I was so happy to see that robot on the cover of your paper! He has a fan site already: robotronia.com! He looks like NASA! I met him for the first time on the playa in 2004. He cracked me up with his colorful stories and dead-on impressions! The last time I saw him was Spring 2006 here in Reno. He was battling a giant glowing mantis behind the Zephyr Bar. I love that robot!

Lewis Siffer

Marshal Sam McCash
Appears to be a new marshal in Sparks.

Political observers may consider changing their unofficial moniker for the Rail City from “Johnstown” or “Ascuagaland” to “Harveyville.”

The remarkable Mr. Whittemore’s legal and political tactics were able to get the Sparks City Council—behind closed doors—to reverse its previous public vote and let him put a casino resort on Pyramid Highway.

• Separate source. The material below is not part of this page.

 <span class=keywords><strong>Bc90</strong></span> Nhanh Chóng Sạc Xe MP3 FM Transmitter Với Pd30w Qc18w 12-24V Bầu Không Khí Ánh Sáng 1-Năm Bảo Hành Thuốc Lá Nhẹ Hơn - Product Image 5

He may be the most dynamic powerbroker/business mogul in these parts since George Wingfield seven decades ago.

Mike Sion

Confused the issue
Re “The answer is blowing in the wind” (Right Hook, Aug. 24):

Lafferty, like many others before him, presents the Lamont-Lieberman contest as a Democratic vote on the war on terror. This is totally incorrect: The vote was on the war on Iraq, which has little to do with 9/11 and other terrorist attacks against the West. Actually, the Iraq war has diverted resources from the war on terror, created innumerable new terrorists, and added to the chaos in the Middle East.

I used to work in Iraq in the early ‘80s, and most of the Iraqis tended to praise the ruthlessness of Saddam Hussein, claiming that only he can keep Iraq together. But that’s an ancient story. For now, I have the following question to Lafferty: How many Iraqis have been involved so far in terrorist plots against us or our allies outside of Iraq? I have heard about Egyptians, Saudis, Libyans (Pan Am Flight 103), Pakistanis and British citizens of Islamic creed, but never about Iraqis.

Andrzej Trzynadlowski

Skinny legs and all
Re “The answer is blowing in the wind” (Right Hook, Aug. 24):

Is the spleen-venting Michael Lafferty really Ann Coulter in drag? Their venom is a perfect match.

Tracy Figler

It’s a gas
Re “The Streamliner’s handbook” (Feature story, Aug. 31):

What a breath of fresh air (and maybe just a little exhaust)! Your story about Denis Manning’s passionate lifelong attempt to set (and recapture) a new land speed record on a motorcycle was such a sweet departure from the standard political, cultural, socio-conscious, food/music content (not that there’s anything wrong with any of those!). But for us motorheads, it was a nice change.

Although some of the technical content may have been a bit overwhelming for some readers, your writer, R.V. Scheide, was right on the mark, from his history research (Cal Rayborn’s first speed record, the motorcycle slump in the ‘80s etc.) to the vast complexities of designing and building your own motor to conveying the true, unwavering, almost maniacal passion of a man on a mission to accomplish something that has never been done by anyone else on Earth … EVER!

In land speed records, there is no second place; you either hold the record or you don’t. And you know what they say about records: They’re made to be broken. As a former motorcycle business owner and flat-track racer, I understand the passion and hope that Denis, Chris Carr and their crew go out and kick some serious salt-covered ass. Please do a follow up on the Bonneville weekend; I’m sure your readers will appreciate it. I know I will.

Bob Carnahan

Playing politics with lives
The U.S. Food and Drug Administration has approved an emergency contraceptive, Plan B, but it will permit over-the-counter sales only for women who are 18 and older.

The FDA shouldn’t have played politics. Nevada’s teenage girls deserve options. As someone who has been an intern with Planned Parenthood Mar Monte, I know that women under 18 are the ones who most benefit from over-the-counter access to an emergency contraceptive. Making it more difficult for teens to avoid unintended pregnancies is a bad decision, furthering our outrageous teen pregnancy rate.

In 2000, Nevada had the fourth highest teen pregnancy rate in the nation. Through sex education and access to birth control, it has dropped to 12th. Easy and timely access to an emergency contraceptive is important. Minors currently have access to other contraceptive methods such as condoms and spermicides. The government should not be catering to political conservatives and leaving teens in the dark because, without Plan B, teens will search for a Plan C.